Practice 2: Bored Walking

Take a 15 to 20 minute walk without any audio — no music, no podcasts, no phone calls. Just walk and let your mind do whatever it wants. This is a mobile boredom tolerance exercise that also produces the creative and reflective benefits described in the evening walk guide.

Practice 3: Bored Commuting

If you drive or take public transit, try one commute per week without audio. Sit with the silence (or the ambient noise of the train). Your brain will protest initially, then settle, and often produce interesting thoughts and connections that audio consumption would have prevented.

Practice 4: Bored Breaks

During work breaks, resist the urge to check your phone or browse the internet. Instead, stare out the window, drink your coffee slowly, stretch, or simply sit. A five-minute break with no stimulation is more restorative than a five-minute break spent scrolling social media, because the scroll keeps your brain in stimulation-seeking mode rather than allowing it to rest.

The Connection to Deep Work

Boredom tolerance directly enables deep work. A deep work session requires you to sit with a single task for 60 to 120 minutes, during which the task will inevitably have boring, frustrating, or difficult stretches. If your boredom tolerance is low, those stretches will trigger the urge to check email, open a new tab, or pick up your phone.

As your boredom tolerance increases, you can sit through the dull stretches without seeking escape. The dull stretches are often where the breakthrough happens — the paragraph that was hard to write leads to the insight that makes the whole section work. The debugging session that was tedious reveals the elegant solution. You only reach these breakthroughs if you stay with the task through the boring part.

Boredom as a Creative Resource

Neuroscience research shows that boredom activates the “default mode network” — the brain regions responsible for self-reflection, planning, creative thinking, and imagination. When you are not processing external stimulation, your brain starts making connections between unrelated ideas, revisiting unsolved problems, and generating novel thoughts.

This is why your best ideas often come in the shower, on a walk, or right before sleep — moments when external stimulation is low and the default mode network is active. If you fill every quiet moment with phone stimulation, you suppress the default mode network and lose access to the creative thinking it produces.

Morning journaling works partly because it happens during a low-stimulation period (before you have consumed anyone else’s content). Screen-free mornings work partly because they protect the default mode network’s activity during the transition from sleep to wakefulness.

The Daily Practice

Boredom tolerance is a skill that develops with practice, similar to how physical fitness develops with exercise. Each time you sit with boredom without seeking stimulation, you strengthen your capacity for sustained focus.

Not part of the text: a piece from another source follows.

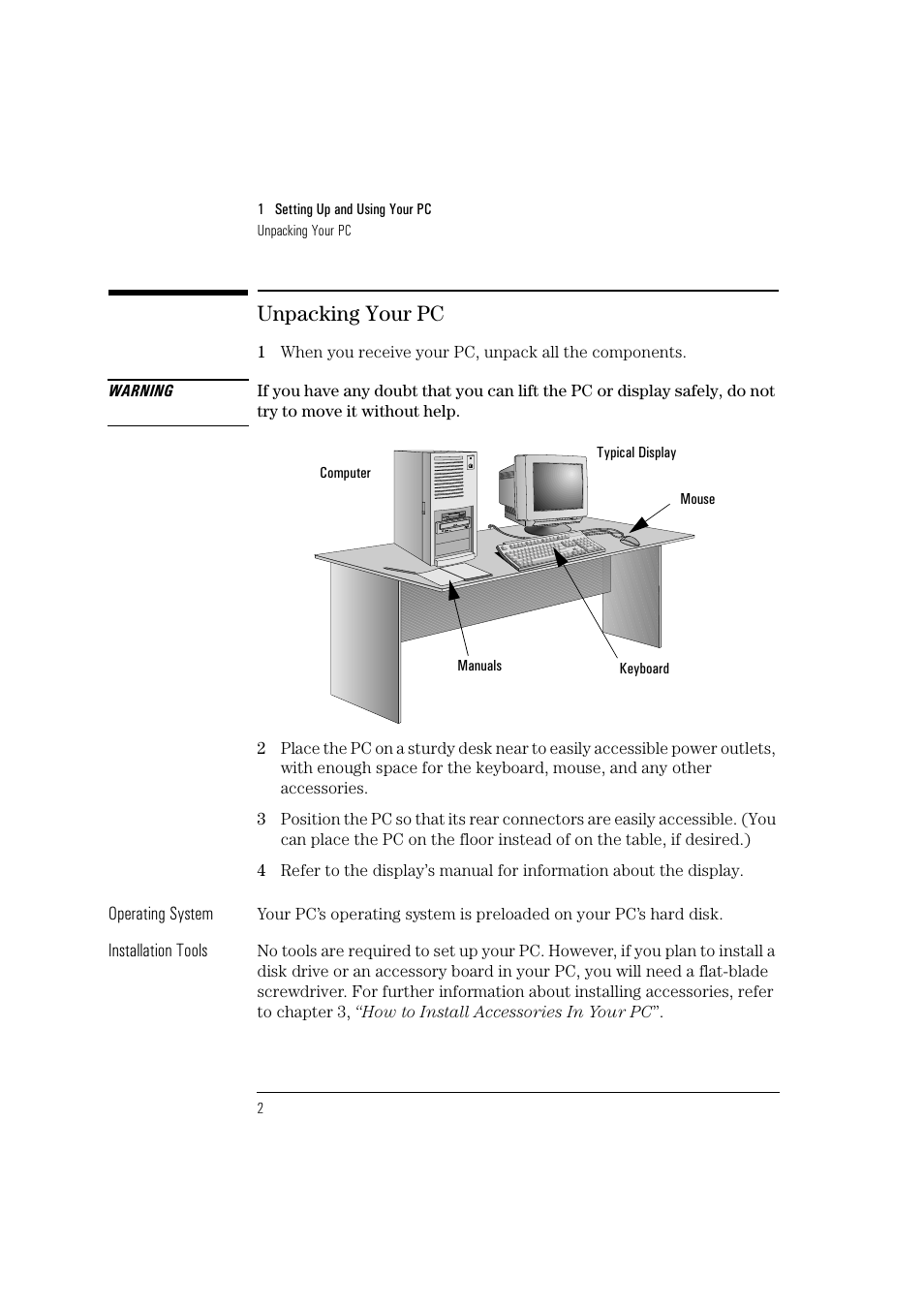 Unpacking your pc | HP HEWLET HP VECTRA VA 6/XXX User Manual | Page 12 / 96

Start with one boredom practice per day — a phone-free wait, a silent walk, a stimulation-free break. After two weeks, add a second daily practice. Within a month, you will notice that your capacity for focused work has increased and that the compulsive urge to check your phone has weakened.

The world is designed to prevent you from being bored. Choosing boredom deliberately is an act of rebellion that pays dividends in focus, creativity, and deep satisfaction with your work.